What you have to do >> Would you return the listing that follows exactly, leaving its pictures behind?

Supplied material >>
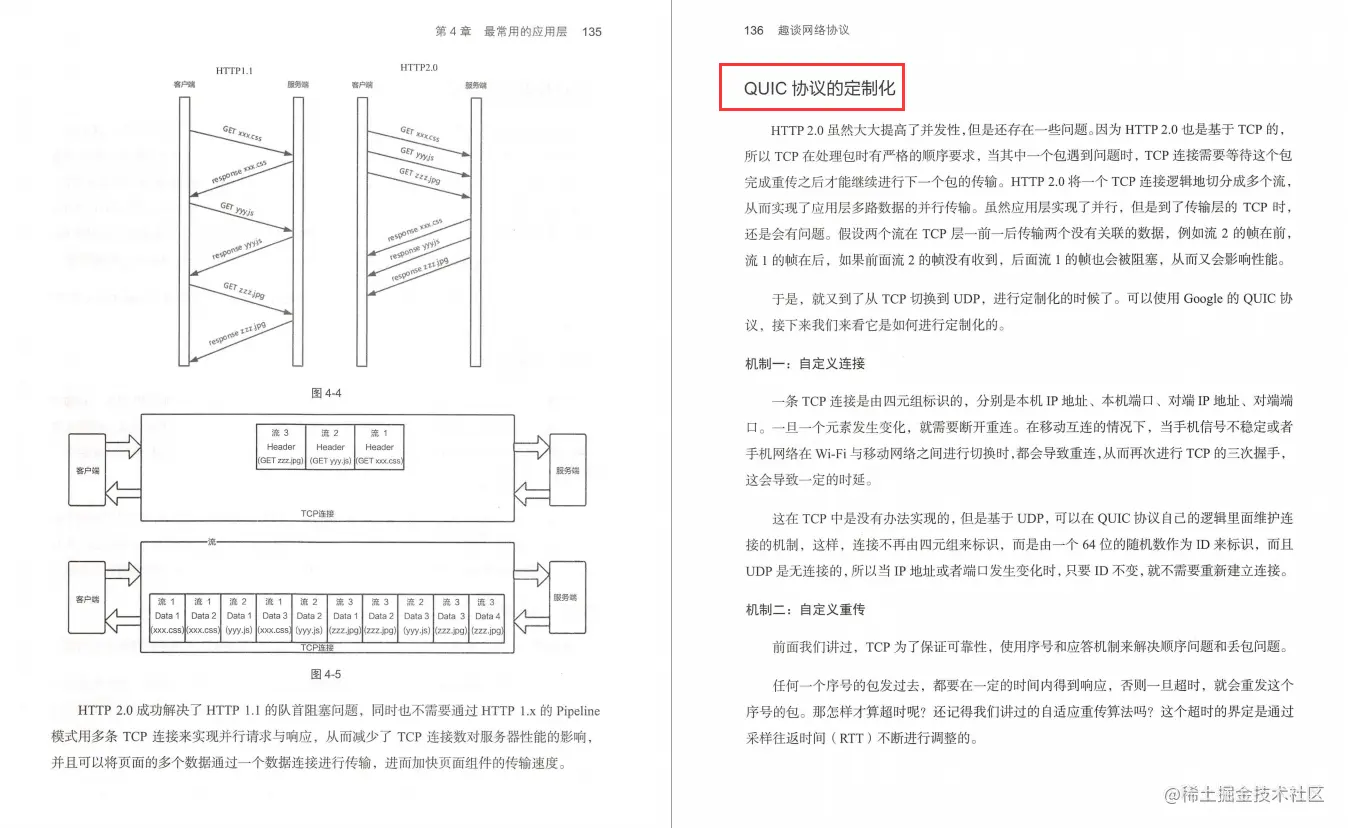 网易24周年，竟拿出内部进阶必备的网络协议笔记，给程序员发福利
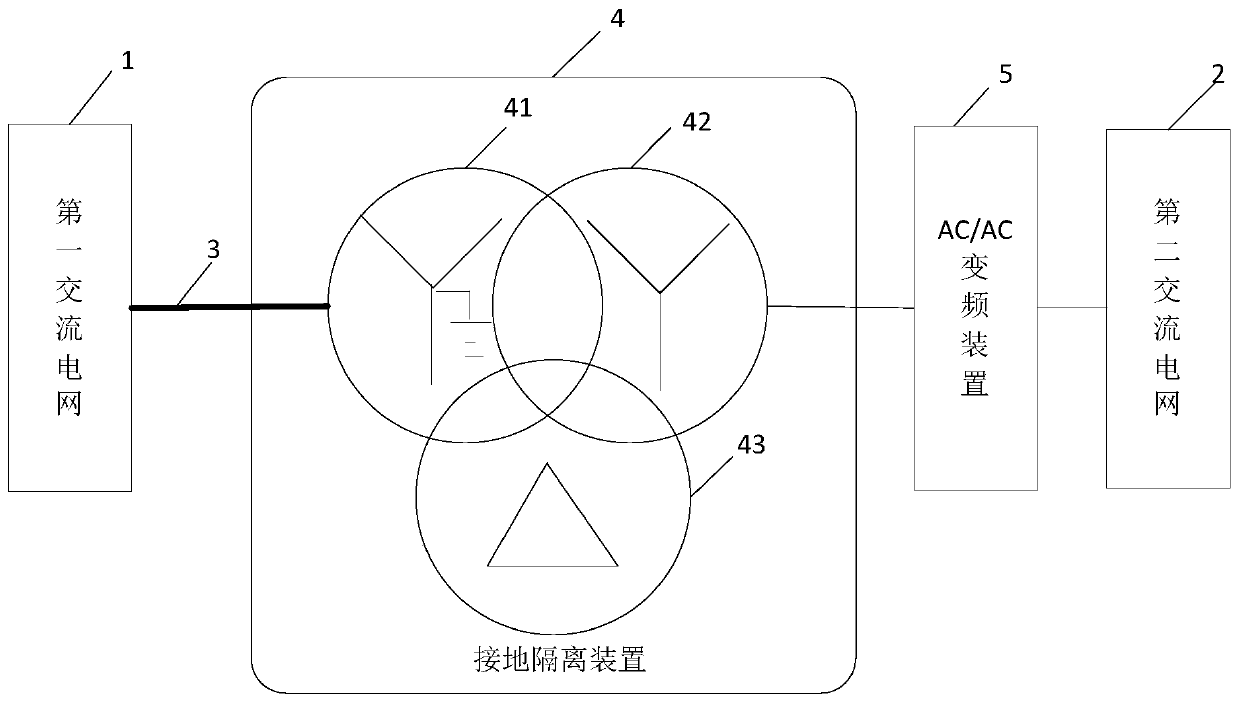 Grounding isolation device based on low-frequency power transmission system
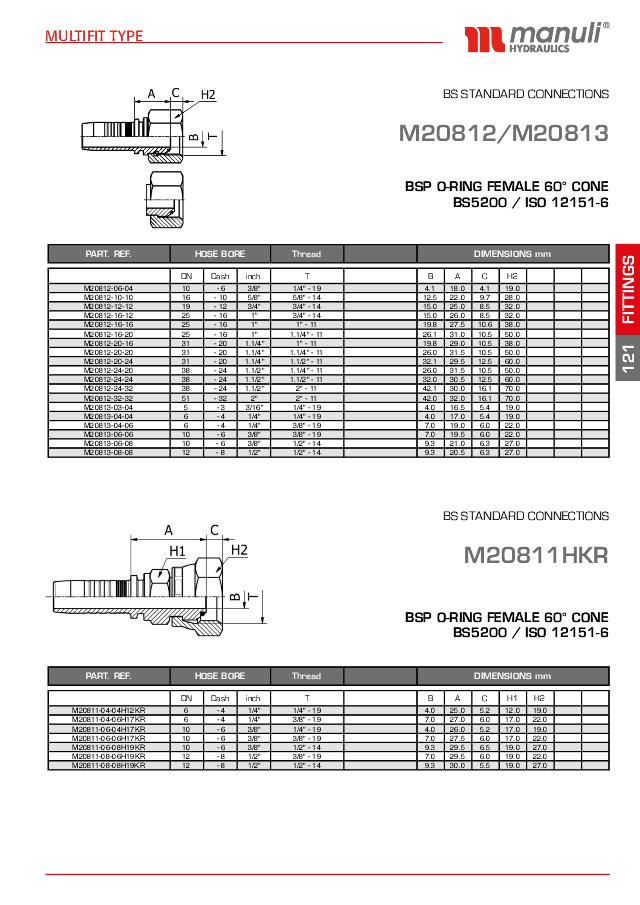 BSP Indstik Hun med O-ring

Response to the task >>
 网易24周年，竟拿出内部进阶必备的网络协议笔记，给程序员发福利
 Grounding isolation device based on low-frequency power transmission system
 BSP Indstik Hun med O-ring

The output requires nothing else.